(Dataset excerpts begins)

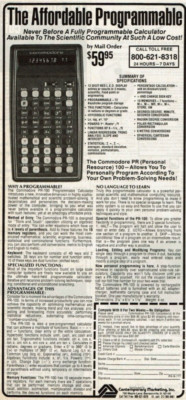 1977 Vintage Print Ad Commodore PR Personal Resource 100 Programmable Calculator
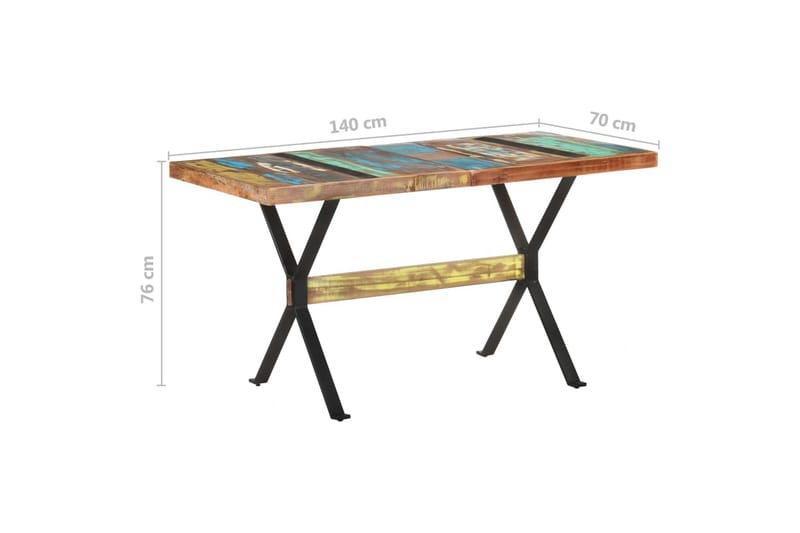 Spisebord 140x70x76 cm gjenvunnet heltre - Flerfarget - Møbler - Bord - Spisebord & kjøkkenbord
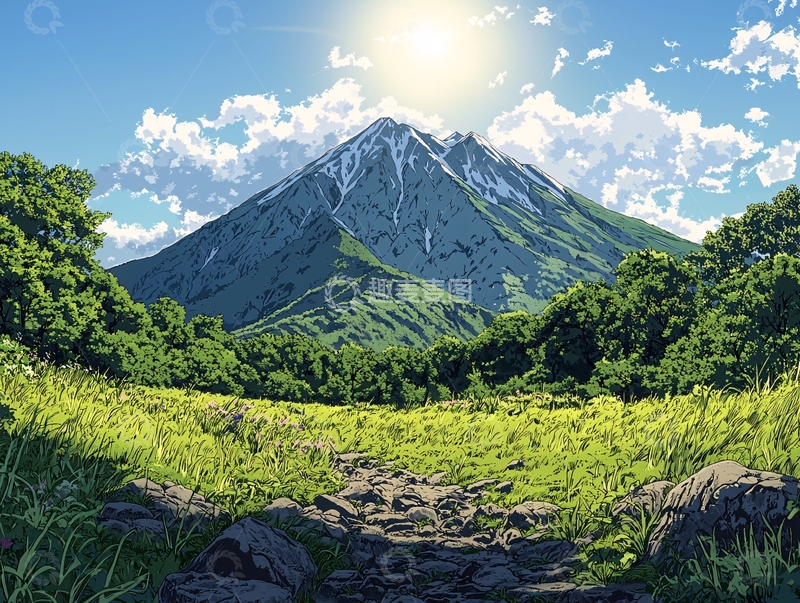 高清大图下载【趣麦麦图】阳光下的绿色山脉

(Dataset excerpts ends)
(Dataset excerpts begins)

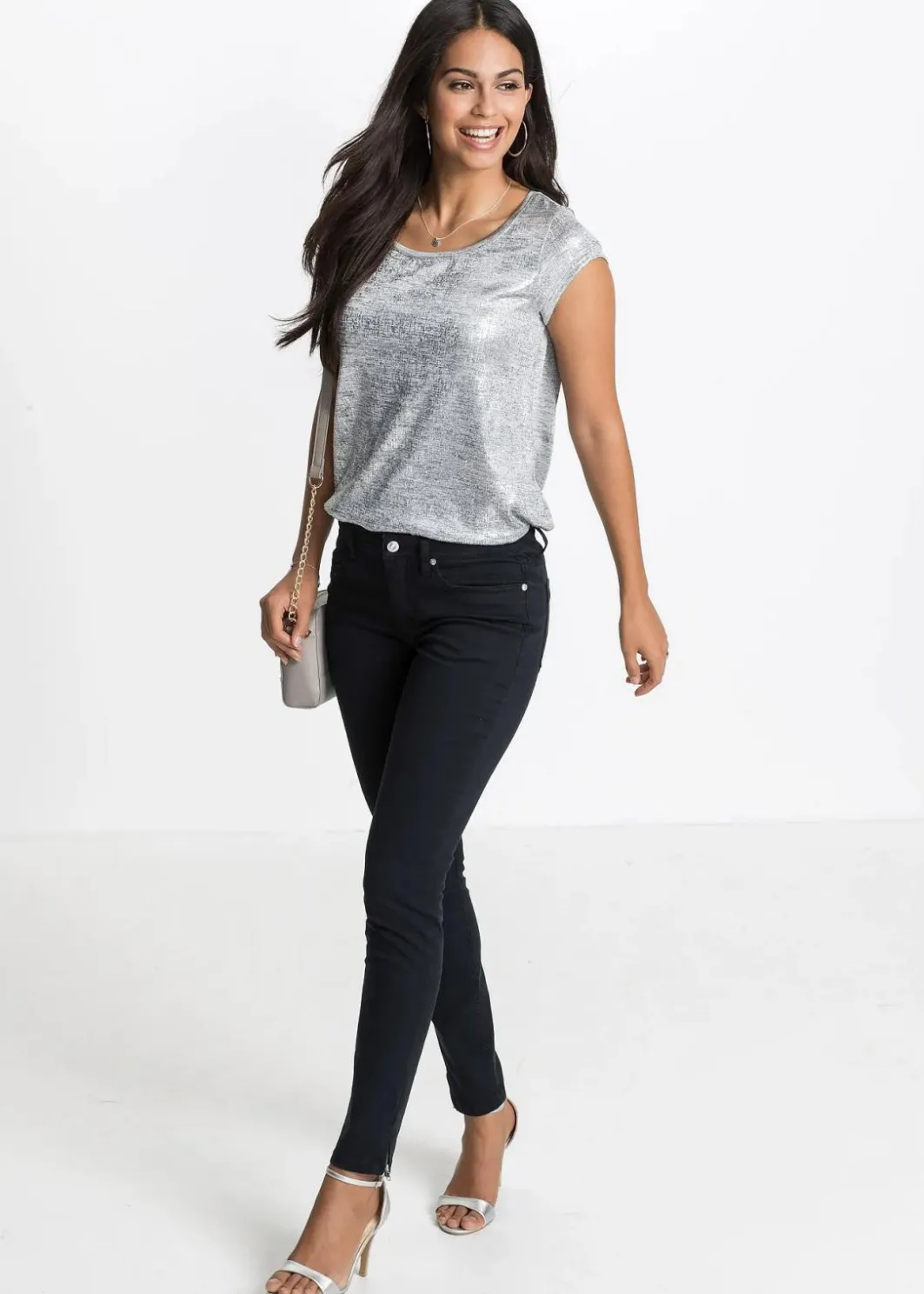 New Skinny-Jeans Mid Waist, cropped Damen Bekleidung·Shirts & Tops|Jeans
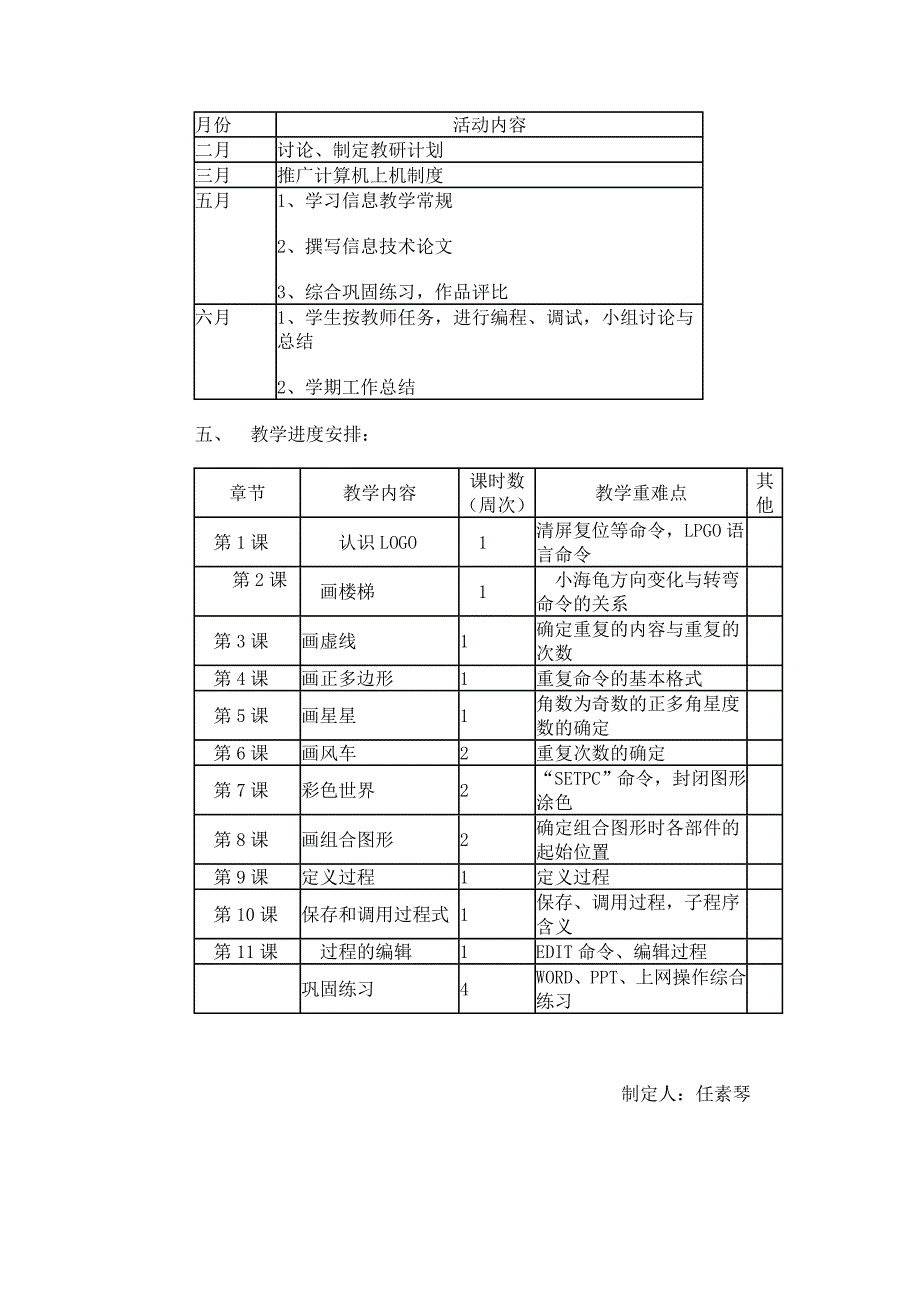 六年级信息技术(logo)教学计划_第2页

(Dataset excerpts ends)
(Dataset excerpts begins)

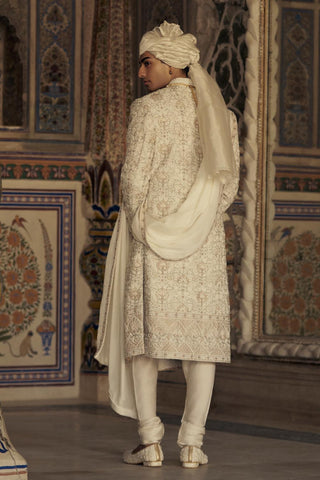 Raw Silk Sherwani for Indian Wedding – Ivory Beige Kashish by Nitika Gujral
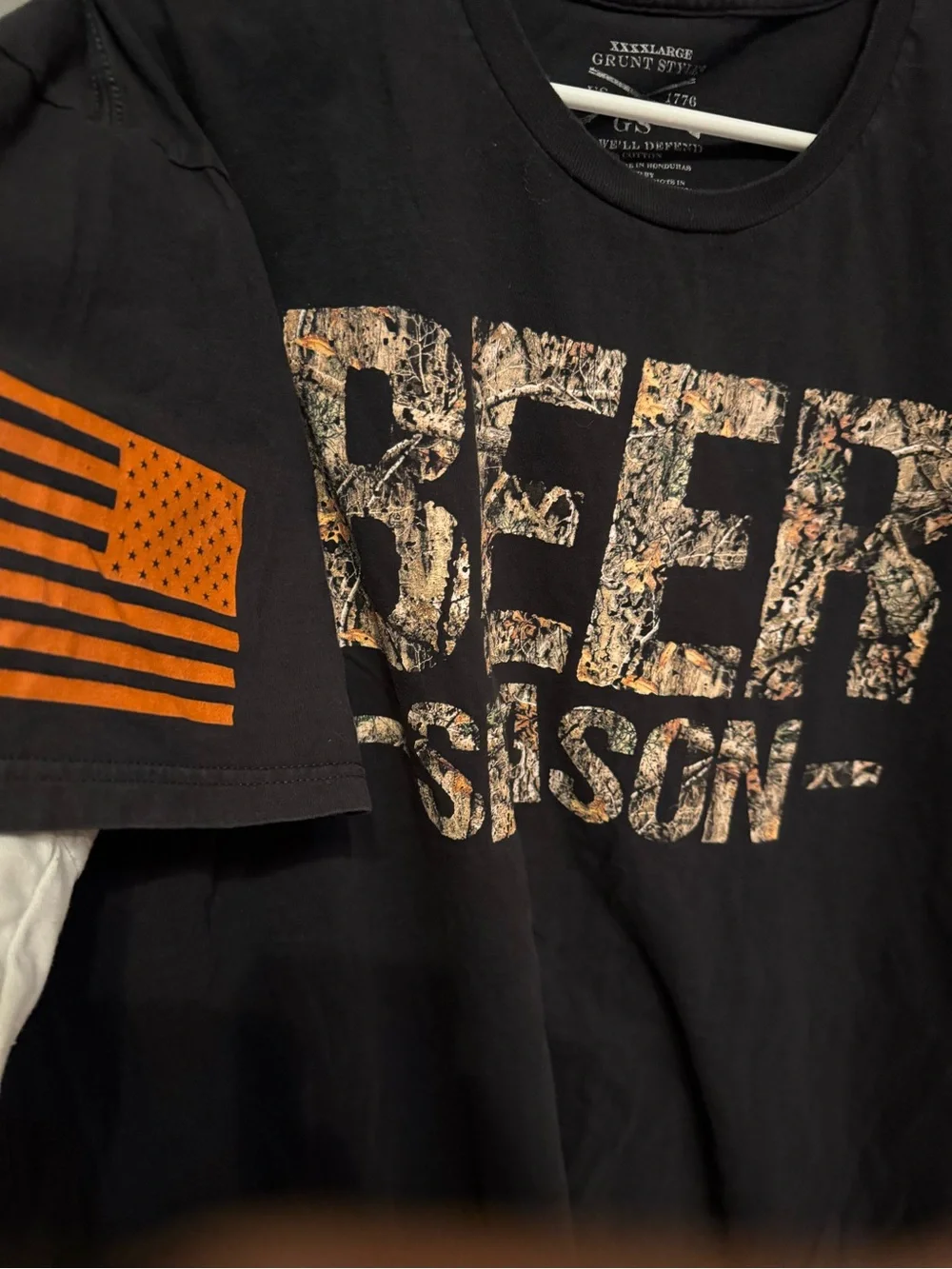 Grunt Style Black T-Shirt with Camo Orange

(Dataset excerpts ends)

--- Task objective ---
A clean copy is needed of the lines above from the one with "1977 Vintage Print" up to and including the one with "高清大图下载【趣麦麦图】阳光下的绿色山脉". Please set it down exactly, with no pictures.

--- Task response ---
 1977 Vintage Print Ad Commodore PR Personal Resource 100 Programmable Calculator
 Spisebord 140x70x76 cm gjenvunnet heltre - Flerfarget - Møbler - Bord - Spisebord & kjøkkenbord
 高清大图下载【趣麦麦图】阳光下的绿色山脉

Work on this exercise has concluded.